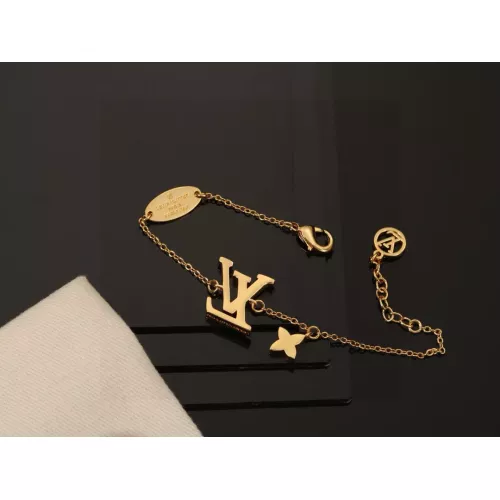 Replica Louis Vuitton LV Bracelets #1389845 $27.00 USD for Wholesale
━━━━
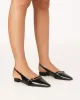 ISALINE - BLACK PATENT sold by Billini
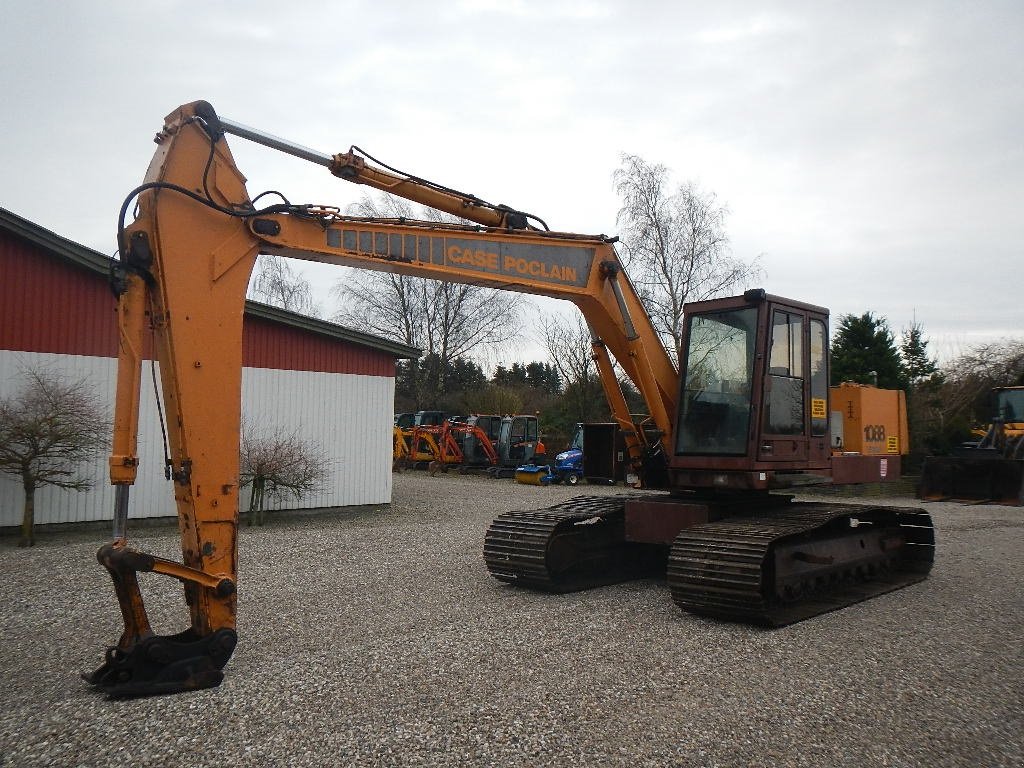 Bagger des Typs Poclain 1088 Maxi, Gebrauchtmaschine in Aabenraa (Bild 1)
━━━━
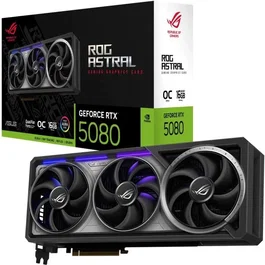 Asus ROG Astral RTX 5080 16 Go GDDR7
━━━━
▶ **Your instructions**
Reproduce, word for word, only the lines in the records above from the line with "ISALINE - BLACK PATENT sold by Billini" through the line with "Bagger des Typs", including both ends; omit the pictures.

▶ **Finished exercise**
 ISALINE - BLACK PATENT sold by Billini
 Bagger des Typs Poclain 1088 Maxi, Gebrauchtmaschine in Aabenraa (Bild 1)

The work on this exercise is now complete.